House Appropriations Committee Marks Up FY19 Energy and Water Appropriations Bill; Administration Opposes Committee’s Recommendations for Science and ARPA-E -- On May 16, the House Appropriations Committee approved the fiscal year 2019 Energy and Water Development and Related Agencies Appropriations bill. The legislation provides annual funding for national defense nuclear weapons activities, the Army Corps of Engineers, various programs under the Department of Energy (DOE), and other related agencies. The bill totals $44.7 billion – $1.5 billion above the fiscal year 2018 enacted level and $8.17 billion above the President’s budget request. Funding is targeted toward national security efforts – including nuclear weapons activities – and energy and water infrastructure investments.
Funding for energy programs within DOE is $13.4 billion – an increase of $504 million above the fiscal year 2018 enacted level. This funding is targeted to encourage U.S. economic competitiveness and help advance the nation’s goal of an “all-of-the-above” solution to energy independence. Research and development to advance coal, natural gas, oil, and other fossil energy technologies, which will help the country make greater use of our rich natural energy resources and help keep down energy costs, are funded at $785 million – $58 million above the fiscal year 2018 enacted level. In addition, to promote innovation and growth in nuclear energy, research, development, and demonstration activities are funded at $1.2 billion – $128 million above the fiscal year 2018 enacted level. Energy efficiency and renewable energy programs are cut by $243 million compared to fiscal year 2018. The bill includes $6.6 billion for science research – an increase of $340 million above the 2018 enacted level. This funding supports basic energy research, the development of high-performance computing systems, and research into the next generation of energy sources. These investments lay the groundwork for a more secure energy future, helping to reduce the nation’s dependence on foreign oil and ensuring continued economic growth. The bill also rejects the Administration’s proposal to terminate the ARPA-E program. Instead, the Committee recommends $325 million for ARPA-E in FY 2019.

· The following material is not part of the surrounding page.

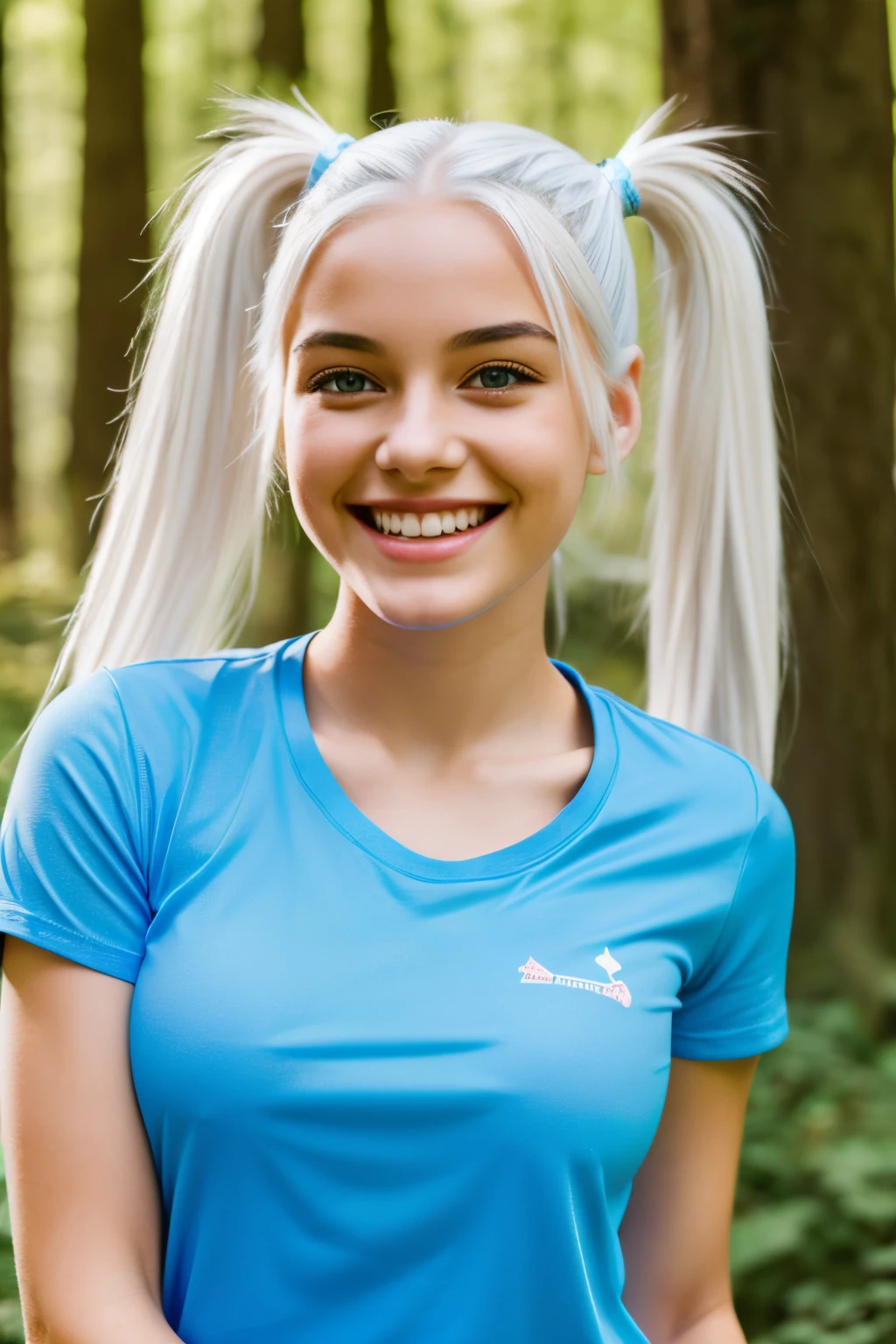 A girl, with white hair with two ponytails, wearing a blue T-shirt, in nature, smiling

The Administration released a letter commenting on the House Energy and Water Bill. In that letter, the Administration commented on both the increased funding for the Office of Science and funding for ARPA-E. On the Office of Science, the Administration said, “The Administration appreciates the Subcommittee’s support for prioritizing basic research but does not support funding in excess of the requested level.” With respect to ARPA-E, the Administration says, “…The Administration is disappointed that the bill does not eliminate ARPA-E. The Committee is encouraged to explore options to incorporate certain ARPA-E attributes, such as cross-cutting research coordination and enhanced flexibility, into the Department of Energy's primary research efforts within the Office of Science and Applied Energy Research Programs rather than maintain a separate program through ARPA-E.